● PROVIDED RECORDS
+===+
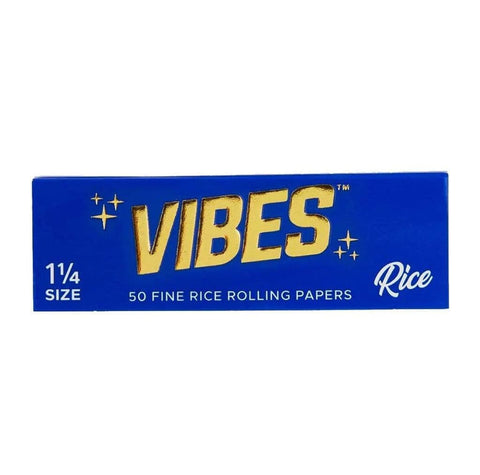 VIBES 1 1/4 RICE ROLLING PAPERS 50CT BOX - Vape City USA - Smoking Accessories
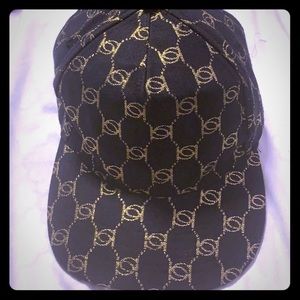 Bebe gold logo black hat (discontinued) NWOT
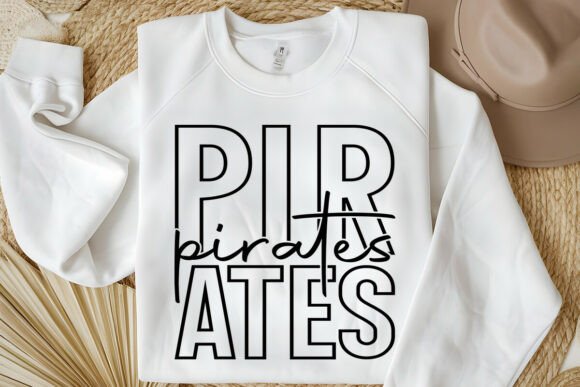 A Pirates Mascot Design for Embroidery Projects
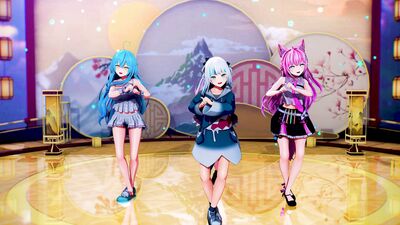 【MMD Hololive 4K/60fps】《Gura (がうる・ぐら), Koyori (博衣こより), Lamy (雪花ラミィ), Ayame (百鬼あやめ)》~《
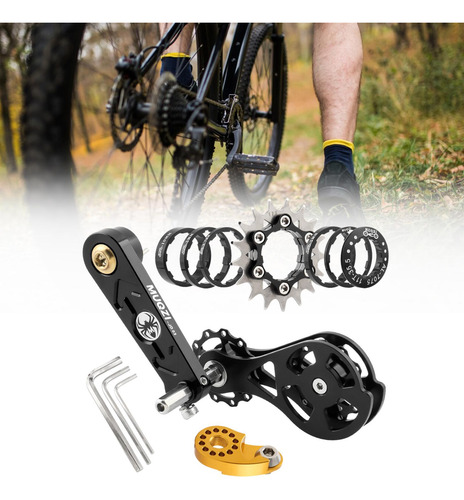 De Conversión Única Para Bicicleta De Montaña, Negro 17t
+===+
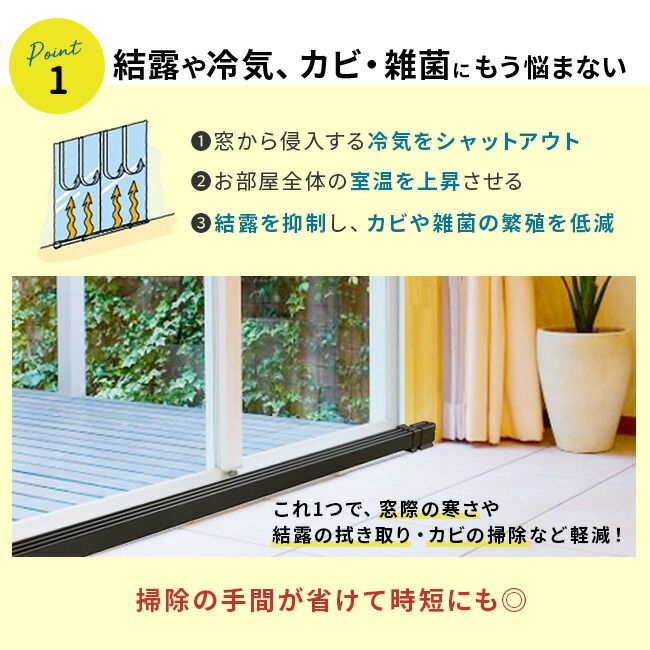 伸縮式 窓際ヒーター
+===+
● WORK ITEM
Write out word for word the lines of the listing above from the line with "A Pirates Mascot" to the line with "De Conversión Única", taking in both of those lines but no pictures.

● YOUR SOLUTION
 A Pirates Mascot Design for Embroidery Projects
 【MMD Hololive 4K/60fps】《Gura (がうる・ぐら), Koyori (博衣こより), Lamy (雪花ラミィ), Ayame (百鬼あやめ)》~《
 De Conversión Única Para Bicicleta De Montaña, Negro 17t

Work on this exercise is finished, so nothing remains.